# [Exercise instructions]
Print the data below exactly, but only the lines from the one containing "Sandford Lane, Reading, RG10" down to the one containing "Bharat Mobility Expo", inclusive.

BEGIN Dataset entries

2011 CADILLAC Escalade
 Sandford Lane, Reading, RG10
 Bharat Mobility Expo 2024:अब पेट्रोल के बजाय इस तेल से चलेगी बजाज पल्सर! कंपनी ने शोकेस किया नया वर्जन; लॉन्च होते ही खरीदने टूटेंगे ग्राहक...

END Dataset entries
BEGIN Dataset entries

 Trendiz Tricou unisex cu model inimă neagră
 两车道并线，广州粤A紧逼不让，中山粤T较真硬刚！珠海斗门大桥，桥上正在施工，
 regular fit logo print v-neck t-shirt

END Dataset entries
BEGIN Dataset entries

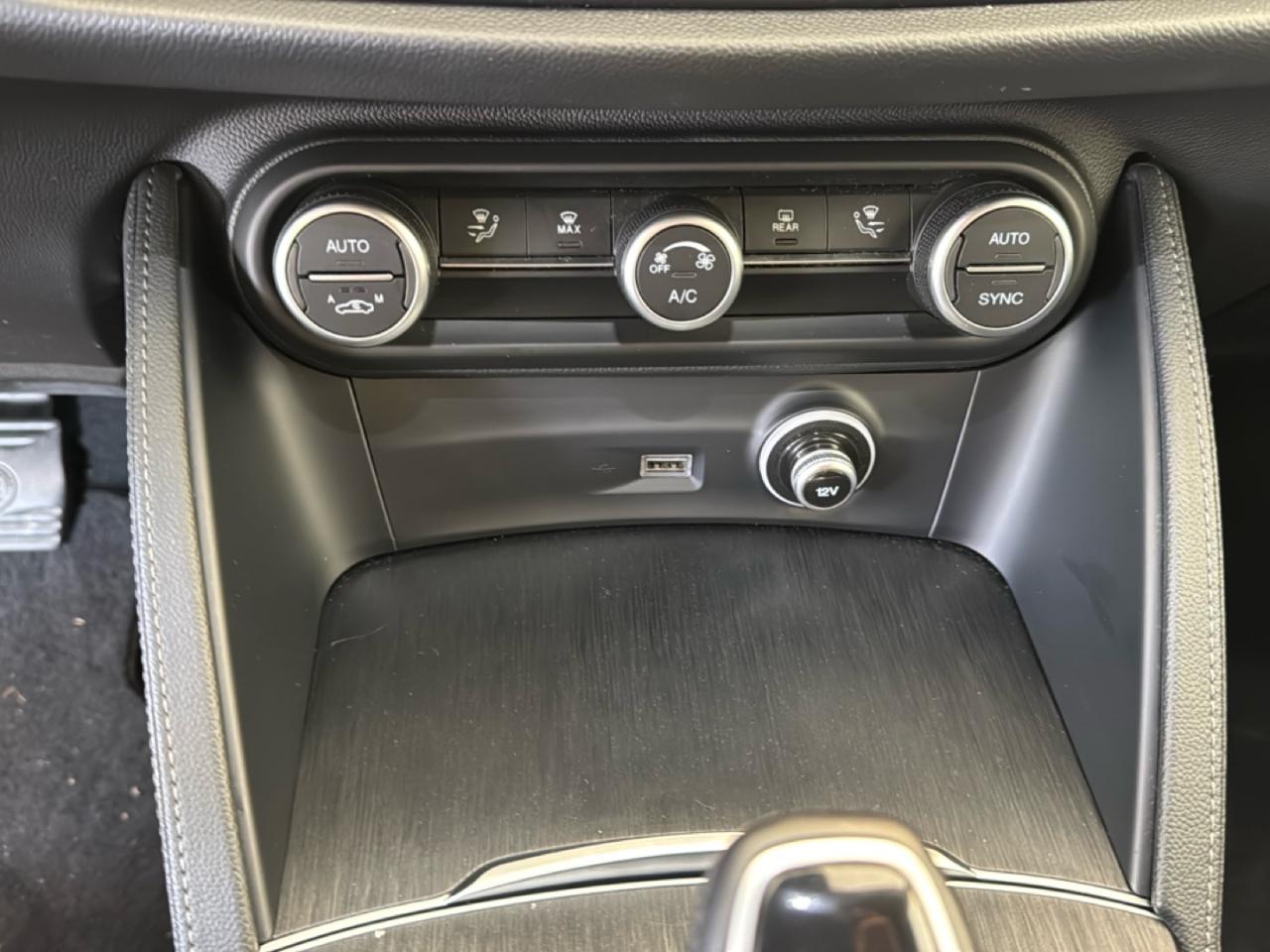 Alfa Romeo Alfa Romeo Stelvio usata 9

END Dataset entries

# [Result of the exercise]
 Sandford Lane, Reading, RG10
 Bharat Mobility Expo 2024:अब पेट्रोल के बजाय इस तेल से चलेगी बजाज पल्सर! कंपनी ने शोकेस किया नया वर्जन; लॉन्च होते ही खरीदने टूटेंगे ग्राहक...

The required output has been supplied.